Anytime I have seen an article or a video on open relationships, the comments have been largely negative. I have mentioned it a couple times within groups of friends and my close friends are completely receptive about it. But outside of that a lot of people make the assumption that open relationships are unhealthy.
I would say a lot of people just don’t understand it, and that’s ok. It’s not for everyone.
Does your experience as a bisexual person impact your experience as an artist or the music you make solo and collaboratively?
As an artist, I am finally in this place where I don’t feel the need to hide who I am. I always felt so torn between my earthly desires and my old faith. The rules of the religion were so constricting, and I wasn’t allowed to be myself. I will no longer allow anyone to make me feel shame over any part of my true self. I hope that comes out in the music that I am creating.

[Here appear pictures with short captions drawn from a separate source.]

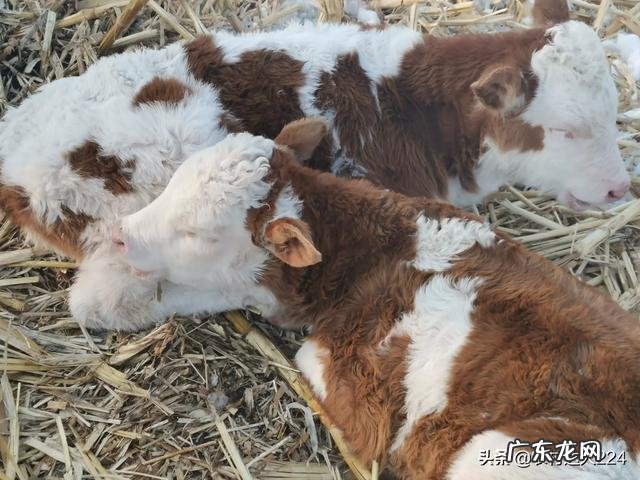 牛犊出生后全身水肿是怎么回事?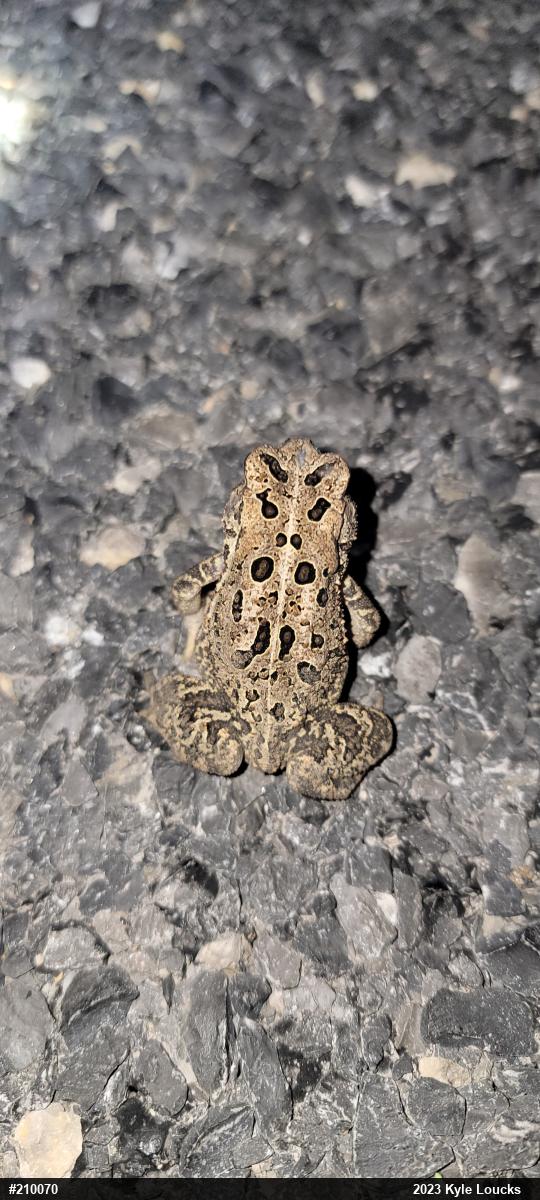 Eastern American Toad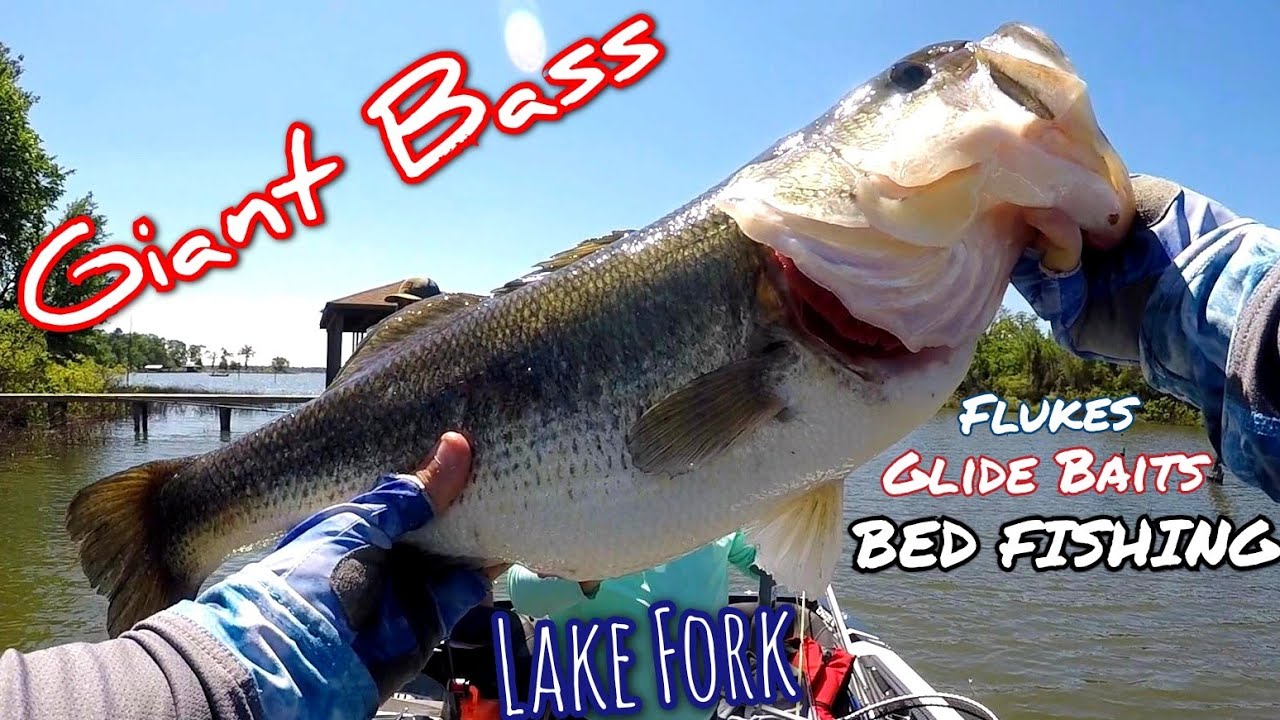 Lake Fork Bass Fishing Tournament || Glide Bait and Fluke Fishing for Spring Bass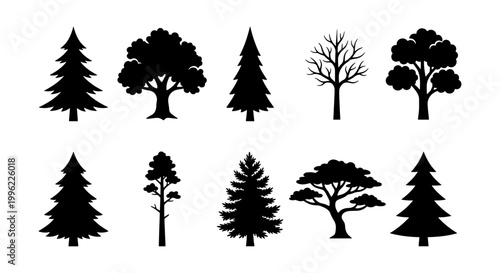 Black tree silhouettes collection, set of 10 forest and park tree icons, minimalist pine and deciduous tree vector shapes for landscape design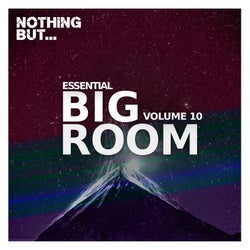 Nothing But... Essential Big Room, Vol. 10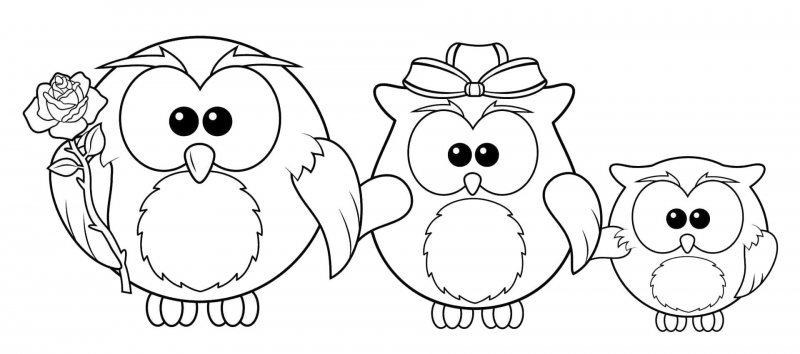 Bufnita de colorat p23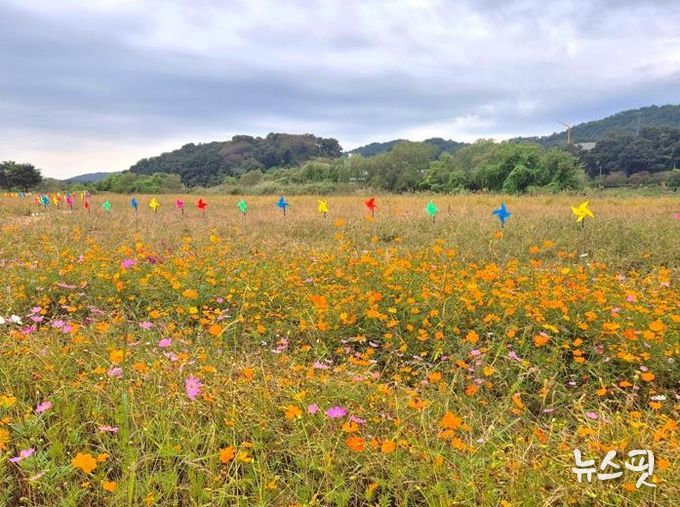 제3회 여주 대신섬 가을사랑 축제 개막…가을바람 따라 알록달록 바람개비 물결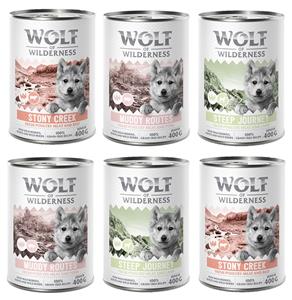 Wolf of Wilderness Junior 'Expedition' 6 x 400 g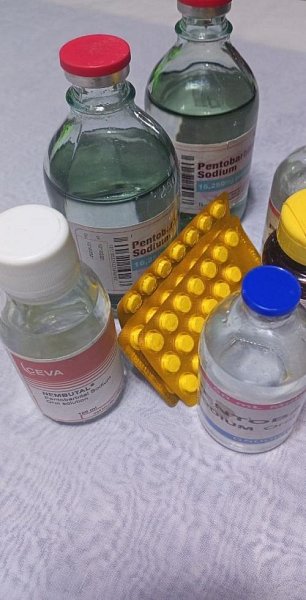 Vysoce čistý kyanid, nembutal, mefedron, xanax, pera Consentyx a další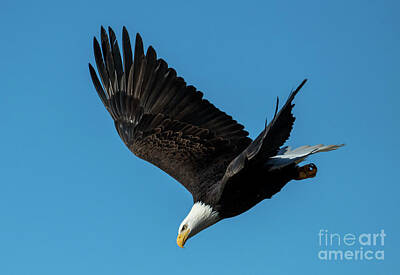 Birds Photo Rights Managed Images - Eagle Dive Royalty-Free Image by Michael Dawson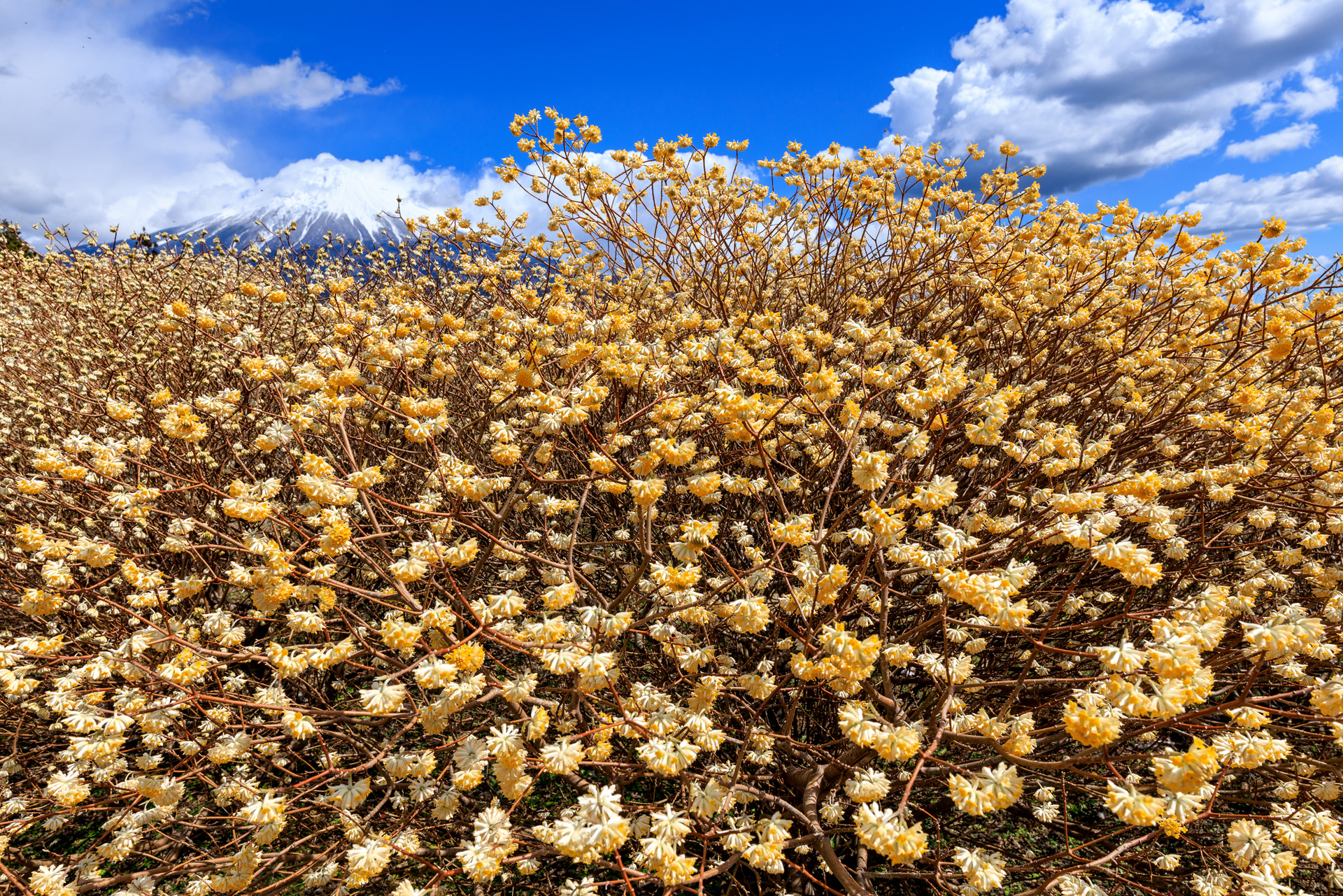 大きなミツマタにぐっと近づくことで、花の迫力と奥にたたずむ富士山の広がりを1枚に収めた。20mmらしい遠近感で花が立体的に描かれ、レンズが持つ高い解像力で枝ぶりが際立ったことで、画面に奥行きが生まれた<br><span class="fnt-85">キヤノン EOS R5 Mark II／20mm／絞り優先AE（F8、1/400秒、±0EV）／ISO 100／WB：オート</span>
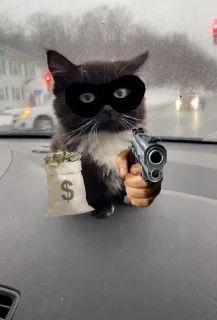 💰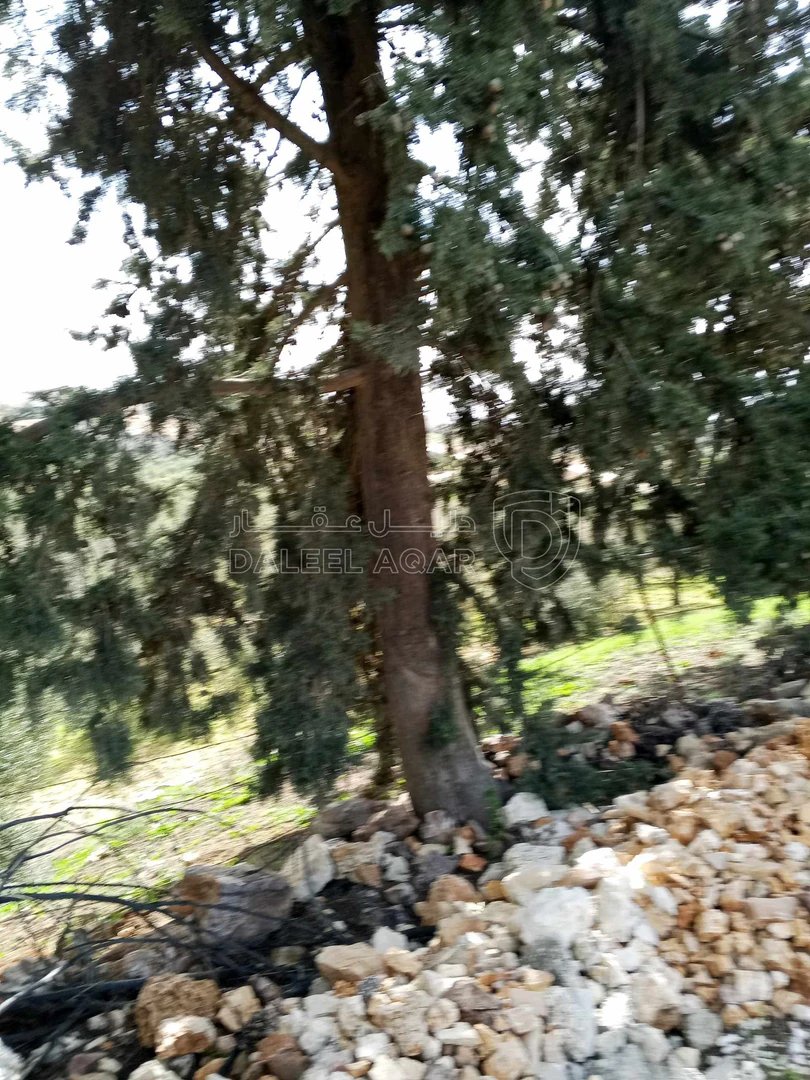 أرض في 6545م زراعي مزرعه خشروم ناعور بسعر مغري - 560,000 دأ - صورة 1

Tell me more about your experience within the queer community, outside and in music as a bisexual woman?
Having grown up in the Christian doomsday cult where being queer was one of the worst things you could be, when I think of my bisexuality and my teen years, to be honest I mostly remember the shame that I felt. I remember thinking that maybe I would not make it into paradise, because of my bisexuality. Paradise was our earthly hope, as we did not believe that all go to heaven. In paradise, we were to have 1000 years to clean up the bodies of those destroyed in Armageddon, welcome back the faithful ones who had died prior, and grow to perfection. I just believed that if I could be good, and make it into paradise – God would take away any desire I had to be with women.
As a teenager, the first woman that I had a relationship with was also in the religion that I was raised in. It was an awful thing to have to hide.
I wish my experiences were unique, but they aren’t.
You just filmed for a lead role in a movie called The Exchange starring Justin Hartley, Ed Oxenbould and Avan Jogia! What has it been like juggling an acting career while debuting your independent music project?
It’s been so fun!! I absolutely love being busy with projects that I am passionate about. :) Wouldn’t have it any other way!
Does your passion lie more in acting, music? Both equally?
Music is my everything. But I love acting as well! It is so much more collaborative. Lots to learn in both arts! When I got my start, I lucked out. I sent in a self tape for a TV show. I didn’t even have an agent – and I booked it! I was so nervous, but fell in love with being on set.
When should we look forward to new music from Jayli Wolf? What is on the horizon for you?
My debut EP ‘Wild Whisper’ will be released this year. I am very excited for it to live in the world. My first single drops March 30th! And what’s on the horizon? I hope more of this. Interviews like this. More life like this.